So for my partner, his moral universe is founded on absurdist principles,
that there is no purpose or moral meaning to the world that we live in
other than the one that we choose.
Whereas despite not being a Catholic,
and not even being at all sure that I actually believe in God,
my moral universe, the thing which governs what I do,
is based on the idea of meritorious works.
So in my head and in my heart, I'm going, oh please, oh please, Sky, Mummy, give me the little treat of eternal salvation.
If I can prove to you what a good little bean I am.
And that is so different from my politics.
I don't believe in a politics that's based on guilt.
I believe in a politics based on human flourishing and mutual connection.
It's really different from the religious culture that I was raised in.
I wasn't raised in a particularly religious culture.
You know, I am Muslim, but half my family are Muslim, the other half of Hindu, most people are sort of atheist agnostic, really.
So there's not a big well of Catholic that I'm drawing on, and yet here I am.
Here I am a Muslim Catholic, feeling guilty and feeling like I was born in sin.
So I want to ask you, you know, what are the actual principles and assumptions which underpin your moral
system? What are the things you think and feel? And how does that determine how you make a moral
decision in your actual life? Um, I don't fucking know. All right, how guilty are you on a scale of
one to me? Okay. The reason this is difficult for me to answer. Let me just let me. Let me just
Let me just get comfy.
The reason that this is difficult to me to answer is because when I think about
like Protestant Catholic, I'm kind of like these are two sides of the same fucking
coin.
When you read about their actual understanding of stuff, it's all about guilt.

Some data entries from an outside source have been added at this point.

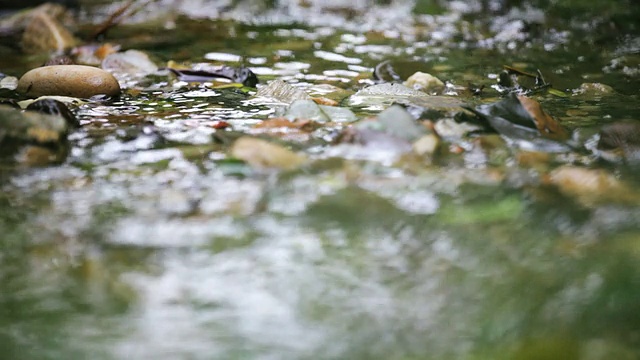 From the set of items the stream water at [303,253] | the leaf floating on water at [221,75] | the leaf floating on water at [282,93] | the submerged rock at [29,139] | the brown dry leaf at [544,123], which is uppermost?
the submerged rock at [29,139]

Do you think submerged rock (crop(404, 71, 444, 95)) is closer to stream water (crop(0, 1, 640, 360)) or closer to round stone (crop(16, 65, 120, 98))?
stream water (crop(0, 1, 640, 360))

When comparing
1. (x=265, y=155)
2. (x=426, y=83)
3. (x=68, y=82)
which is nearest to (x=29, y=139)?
(x=265, y=155)

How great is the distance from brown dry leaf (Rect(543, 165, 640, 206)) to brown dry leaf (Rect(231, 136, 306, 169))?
63 centimetres

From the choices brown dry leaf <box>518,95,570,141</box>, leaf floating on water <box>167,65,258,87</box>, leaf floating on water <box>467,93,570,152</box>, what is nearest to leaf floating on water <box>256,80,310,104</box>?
leaf floating on water <box>167,65,258,87</box>

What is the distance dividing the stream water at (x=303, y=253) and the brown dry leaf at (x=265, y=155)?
0.14ft

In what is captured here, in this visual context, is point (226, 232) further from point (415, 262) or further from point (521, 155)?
point (521, 155)

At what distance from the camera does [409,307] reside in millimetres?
1021

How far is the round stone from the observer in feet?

I don't know why we don't attach guilt to Protestantism either because there's this idea
that you constantly exist in sin and that you have to just do good works all the time
and it won't lead to your salvation because you're predestined to be saved or not.
But like you're born from sin.
you're seeped in sin
you've got to live this really
aesthetic life
and that should be like
you shouldn't be going out
and frivolously enjoying yourself
and Catholicism is different
but there's still that sense of like
meritor's works as you talk about
the sense of like
there's a guilt unless you are
engaging in something constructive
and doing good in some way
and that's how you get saved
those are both born from guilt
are they not?
I think that maybe
Protestantism is more
about duty for its own sake
and Catholicism it's the sort of like
Catholicism has got that idea of like
you're constantly on like a treadmill of compensating
for something whereas Protestantism isn't quite that
no it's not but you're still they're still acting from guilt
because it's like you're born in sin you won't get saved
and you just have to in your life do good for good sake
and it's like you should never let up from the treadmill
of doing good for good sake so you're still on a treadmill
you're still on this constant conveyor belt
of you must do good
how much am I governed by guilt
I think quite a lot
and when I don't
when I act out of self-interest
I do feel an overwhelming sense
of you're a bad selfish person
you're a bad selfish person
doing bad selfish things
and then I do them anyway
but I feel terrible
and I don't know if I gleaned that much pleasure
from not being a bad selfish person,
regardless.
So it's a constant,
a constant sense of guilt
overriding me, a constant sense of guilt,
an idea that I'm a burden
on everyone,
and that the only way to prove my value
is to give, give, give, give, give.
And, but that even my giving
is this really selfish act
because I'm doing it to try and make myself feel better.
So, yeah, I think
I'm, I think I'm wrought by a,
sense of you must prove your value in this world by being as useful as possible to others.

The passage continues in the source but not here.